For those of you who are new here - welcome. For our returning and long-time readers - it’s nice to see you again. Grab your favorite beverage, get comfortable, and enjoy this month’s lineup of stories, stats, tools, and more. Let’s kick it off with our headliners:

  • ⚡🎬 5-Second AI Video = 1 Hour Microwave Time

  • 🤖📝 Students Are Now Asking AI to Add Typos to Fool Teachers

  • 🖨️🫀 Scientists 3D Print Inside Bodies Without Surgery

Enjoy and say hello in the comments. Don’t worry, no one’s going to bite you. Maybe.


📰 From the Newsroom

⚡🎬 5-Second AI Video = 1 Hour Microwave Time

MIT Technology Review recently conducted a comprehensive new investigation into AI's energy appetite and their analysis revealed that the technology is quietly reshaping America's entire power grid - and we're largely in the dark about the true scope of what's coming.

  • Energy costs of using AI vary wildly depending on what you're asking it to do. Simple text responses range from running a microwave for 1/10th of a second to 8 full seconds. In comparison, generating a high-quality image takes ~5.5 seconds of microwave time. However, all of those pale in comparison to creating a 5-second video, which requires over an hour of microwave energy!

  • By 2028, AI alone could consume enough electricity to power 22% of all U.S. households if that power were redirected to homes instead. Meanwhile, data centers overall (which include AI plus everything else) are projected to grow from their current 4.4% of total U.S. electricity consumption to 12% by 2028.

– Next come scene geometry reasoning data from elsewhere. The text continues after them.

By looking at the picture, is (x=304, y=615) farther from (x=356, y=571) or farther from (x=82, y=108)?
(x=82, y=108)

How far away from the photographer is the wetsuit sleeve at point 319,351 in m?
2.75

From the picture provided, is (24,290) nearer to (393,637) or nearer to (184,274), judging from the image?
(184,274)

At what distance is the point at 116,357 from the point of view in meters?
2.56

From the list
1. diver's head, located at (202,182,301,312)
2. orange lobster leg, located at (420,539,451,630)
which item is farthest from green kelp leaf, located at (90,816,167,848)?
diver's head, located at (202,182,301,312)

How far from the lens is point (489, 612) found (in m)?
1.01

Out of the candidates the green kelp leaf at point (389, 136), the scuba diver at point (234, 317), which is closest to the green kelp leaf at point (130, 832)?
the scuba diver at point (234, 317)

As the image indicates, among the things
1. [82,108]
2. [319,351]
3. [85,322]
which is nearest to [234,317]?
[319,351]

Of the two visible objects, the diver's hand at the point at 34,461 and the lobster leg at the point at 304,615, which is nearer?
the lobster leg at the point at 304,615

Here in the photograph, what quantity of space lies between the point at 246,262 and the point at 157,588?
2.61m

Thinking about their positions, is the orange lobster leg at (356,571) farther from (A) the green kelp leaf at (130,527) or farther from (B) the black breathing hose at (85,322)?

  • U.S. citizens might end up indirectly subsidizing this AI revolution even if they don’t use a single AI tool. New research shows that utility deals with tech companies often pass costs to regular consumers through higher electricity bills. For example, Virginia residents could see an extra $37.50 monthly charge to subsidize new data centers.

The most troubling aspect of this is that we're flying blind into an energy-intensive future because AI companies won't share real usage data, claiming trade secrets. As one researcher put it: "All bets are off in the coming years" as AI agents, reasoning models, and personalized AI multiply our current usage exponentially. What started as innocent chatbot queries is rapidly becoming one of the biggest energy stories of our time.


🤖📝 Higher Learning Has Turned Into an AI Arms Race Between Professors and Students

The academic cheating arms race has reached new levels of absurdity. According to a New York Magazine investigation, students aren't just using AI to write their papers - they're coaching chatbots to write poorly on purpose, complete with typos and freshman-level mistakes, to avoid detection by teachers and AI-detection software.

  • The real overachievers have developed a multi-step "laundering" process: write an essay with one AI tool, feed that output into a second AI chatbot, then run it through a third one to dilute any telltale AI patterns. It's like money laundering, but for intelligence.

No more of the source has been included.